[Dataset]
========================

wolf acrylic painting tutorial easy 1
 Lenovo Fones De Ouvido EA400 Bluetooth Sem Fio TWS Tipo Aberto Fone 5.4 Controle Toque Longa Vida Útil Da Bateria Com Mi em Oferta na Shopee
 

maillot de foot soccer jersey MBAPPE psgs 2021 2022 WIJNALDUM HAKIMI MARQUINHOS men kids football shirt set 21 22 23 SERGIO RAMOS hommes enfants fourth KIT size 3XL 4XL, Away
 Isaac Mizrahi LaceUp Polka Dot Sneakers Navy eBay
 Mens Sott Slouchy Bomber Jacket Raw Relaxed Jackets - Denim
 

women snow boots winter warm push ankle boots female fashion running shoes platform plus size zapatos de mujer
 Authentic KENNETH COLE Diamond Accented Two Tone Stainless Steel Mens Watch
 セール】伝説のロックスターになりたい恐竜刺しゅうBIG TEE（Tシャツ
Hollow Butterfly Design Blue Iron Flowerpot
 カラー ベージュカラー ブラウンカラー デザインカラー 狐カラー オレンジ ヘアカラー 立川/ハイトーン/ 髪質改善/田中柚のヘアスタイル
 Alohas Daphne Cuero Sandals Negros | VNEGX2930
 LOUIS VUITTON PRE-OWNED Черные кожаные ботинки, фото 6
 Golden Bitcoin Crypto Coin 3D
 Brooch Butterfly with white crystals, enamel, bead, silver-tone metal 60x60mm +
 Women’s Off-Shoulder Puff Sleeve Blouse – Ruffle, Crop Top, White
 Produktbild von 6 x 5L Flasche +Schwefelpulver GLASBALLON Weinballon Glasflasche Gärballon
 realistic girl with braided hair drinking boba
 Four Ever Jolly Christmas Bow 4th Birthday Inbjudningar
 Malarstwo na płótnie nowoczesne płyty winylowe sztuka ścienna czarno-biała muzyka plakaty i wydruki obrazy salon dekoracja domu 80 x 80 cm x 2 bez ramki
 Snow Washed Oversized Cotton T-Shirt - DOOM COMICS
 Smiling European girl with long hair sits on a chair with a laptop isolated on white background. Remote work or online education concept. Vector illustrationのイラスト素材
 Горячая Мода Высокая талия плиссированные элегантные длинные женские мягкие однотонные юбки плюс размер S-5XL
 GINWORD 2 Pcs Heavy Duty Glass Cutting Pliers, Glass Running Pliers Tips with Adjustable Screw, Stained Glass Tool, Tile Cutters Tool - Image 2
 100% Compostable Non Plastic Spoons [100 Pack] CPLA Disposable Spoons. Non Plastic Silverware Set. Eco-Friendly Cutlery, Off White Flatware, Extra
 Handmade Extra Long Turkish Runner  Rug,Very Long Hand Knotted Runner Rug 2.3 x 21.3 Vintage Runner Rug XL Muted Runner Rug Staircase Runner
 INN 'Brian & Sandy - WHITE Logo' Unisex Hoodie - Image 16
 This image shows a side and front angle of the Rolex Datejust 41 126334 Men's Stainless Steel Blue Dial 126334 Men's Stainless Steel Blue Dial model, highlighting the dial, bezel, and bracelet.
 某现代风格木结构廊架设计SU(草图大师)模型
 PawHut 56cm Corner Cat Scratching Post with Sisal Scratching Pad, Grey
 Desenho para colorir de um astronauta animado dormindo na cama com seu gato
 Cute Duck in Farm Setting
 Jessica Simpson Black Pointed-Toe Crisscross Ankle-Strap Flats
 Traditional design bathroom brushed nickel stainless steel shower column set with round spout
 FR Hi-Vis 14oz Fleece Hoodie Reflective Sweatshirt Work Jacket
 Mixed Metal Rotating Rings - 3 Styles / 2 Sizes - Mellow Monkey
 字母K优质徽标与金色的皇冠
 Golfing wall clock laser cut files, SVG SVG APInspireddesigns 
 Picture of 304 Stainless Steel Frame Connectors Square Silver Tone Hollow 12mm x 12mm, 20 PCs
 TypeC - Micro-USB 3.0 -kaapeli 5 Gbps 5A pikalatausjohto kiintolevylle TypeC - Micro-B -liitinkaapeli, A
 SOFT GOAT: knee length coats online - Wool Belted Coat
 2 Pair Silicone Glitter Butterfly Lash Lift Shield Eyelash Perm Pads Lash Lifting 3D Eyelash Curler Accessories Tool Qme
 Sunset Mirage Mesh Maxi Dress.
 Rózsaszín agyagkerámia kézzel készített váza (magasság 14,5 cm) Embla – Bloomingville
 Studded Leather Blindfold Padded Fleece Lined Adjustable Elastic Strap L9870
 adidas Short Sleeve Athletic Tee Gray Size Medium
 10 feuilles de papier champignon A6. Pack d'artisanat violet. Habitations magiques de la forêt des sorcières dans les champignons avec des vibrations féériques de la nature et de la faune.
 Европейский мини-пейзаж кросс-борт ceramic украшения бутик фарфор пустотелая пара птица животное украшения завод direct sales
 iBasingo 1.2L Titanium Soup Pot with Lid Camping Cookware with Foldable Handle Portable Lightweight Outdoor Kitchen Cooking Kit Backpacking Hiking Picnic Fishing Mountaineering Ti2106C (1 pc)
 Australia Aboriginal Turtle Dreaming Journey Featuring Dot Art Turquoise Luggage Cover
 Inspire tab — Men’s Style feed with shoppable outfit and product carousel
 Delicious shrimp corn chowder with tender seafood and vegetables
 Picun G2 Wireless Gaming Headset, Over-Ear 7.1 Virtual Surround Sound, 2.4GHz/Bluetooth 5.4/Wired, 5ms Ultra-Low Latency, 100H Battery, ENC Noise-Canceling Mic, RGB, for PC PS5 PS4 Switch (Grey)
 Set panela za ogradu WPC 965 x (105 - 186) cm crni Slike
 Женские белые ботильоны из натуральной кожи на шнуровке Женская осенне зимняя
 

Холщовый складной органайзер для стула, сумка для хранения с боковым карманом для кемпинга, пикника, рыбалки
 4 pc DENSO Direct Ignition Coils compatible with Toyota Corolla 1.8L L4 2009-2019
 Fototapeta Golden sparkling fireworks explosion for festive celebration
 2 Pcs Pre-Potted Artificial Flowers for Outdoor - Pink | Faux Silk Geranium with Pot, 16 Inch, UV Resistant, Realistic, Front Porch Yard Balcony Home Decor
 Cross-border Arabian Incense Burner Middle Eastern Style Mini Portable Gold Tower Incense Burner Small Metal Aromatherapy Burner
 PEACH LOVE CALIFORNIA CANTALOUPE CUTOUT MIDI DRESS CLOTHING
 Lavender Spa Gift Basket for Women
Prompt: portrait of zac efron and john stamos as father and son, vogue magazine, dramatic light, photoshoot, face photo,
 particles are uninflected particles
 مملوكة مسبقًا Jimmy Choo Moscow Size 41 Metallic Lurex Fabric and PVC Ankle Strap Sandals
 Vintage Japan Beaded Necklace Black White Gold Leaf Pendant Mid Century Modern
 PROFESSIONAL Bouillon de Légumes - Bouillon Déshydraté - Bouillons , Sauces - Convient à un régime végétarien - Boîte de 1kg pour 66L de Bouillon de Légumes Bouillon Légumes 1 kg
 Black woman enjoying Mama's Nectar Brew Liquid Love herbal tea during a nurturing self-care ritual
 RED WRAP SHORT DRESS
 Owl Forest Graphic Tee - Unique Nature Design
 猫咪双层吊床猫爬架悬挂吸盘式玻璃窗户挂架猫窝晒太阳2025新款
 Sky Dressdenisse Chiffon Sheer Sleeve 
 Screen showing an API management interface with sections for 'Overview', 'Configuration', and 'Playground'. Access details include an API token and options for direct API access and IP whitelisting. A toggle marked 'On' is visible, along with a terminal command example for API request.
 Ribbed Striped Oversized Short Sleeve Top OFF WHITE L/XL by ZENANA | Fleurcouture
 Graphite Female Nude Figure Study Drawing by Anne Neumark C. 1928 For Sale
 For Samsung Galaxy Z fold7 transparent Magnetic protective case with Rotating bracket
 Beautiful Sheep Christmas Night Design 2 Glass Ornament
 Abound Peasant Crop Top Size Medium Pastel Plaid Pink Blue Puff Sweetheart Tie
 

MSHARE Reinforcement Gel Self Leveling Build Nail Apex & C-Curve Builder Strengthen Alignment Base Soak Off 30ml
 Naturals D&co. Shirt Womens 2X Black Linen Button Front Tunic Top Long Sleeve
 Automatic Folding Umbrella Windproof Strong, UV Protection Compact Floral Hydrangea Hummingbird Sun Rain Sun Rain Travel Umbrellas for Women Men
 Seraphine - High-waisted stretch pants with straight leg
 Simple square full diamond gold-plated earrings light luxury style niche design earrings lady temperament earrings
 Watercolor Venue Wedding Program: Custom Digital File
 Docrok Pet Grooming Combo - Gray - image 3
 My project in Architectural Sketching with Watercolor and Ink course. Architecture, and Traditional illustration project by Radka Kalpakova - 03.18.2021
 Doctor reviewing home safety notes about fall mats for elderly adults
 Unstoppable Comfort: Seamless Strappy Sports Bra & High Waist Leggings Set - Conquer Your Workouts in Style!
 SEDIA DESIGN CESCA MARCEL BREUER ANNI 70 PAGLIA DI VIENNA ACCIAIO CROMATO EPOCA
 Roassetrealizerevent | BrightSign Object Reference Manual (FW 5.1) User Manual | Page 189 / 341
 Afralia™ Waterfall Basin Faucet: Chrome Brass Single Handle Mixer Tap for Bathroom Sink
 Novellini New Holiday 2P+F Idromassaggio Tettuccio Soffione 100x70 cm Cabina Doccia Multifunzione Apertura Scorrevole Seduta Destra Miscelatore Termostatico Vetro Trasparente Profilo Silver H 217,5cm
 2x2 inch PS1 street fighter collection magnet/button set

========================

If a line in the entries contains the word "Extra", copy that line out.

 100% Compostable Non Plastic Spoons [100 Pack] CPLA Disposable Spoons. Non Plastic Silverware Set. Eco-Friendly Cutlery, Off White Flatware, Extra
 Handmade Extra Long Turkish Runner  Rug,Very Long Hand Knotted Runner Rug 2.3 x 21.3 Vintage Runner Rug XL Muted Runner Rug Staircase Runner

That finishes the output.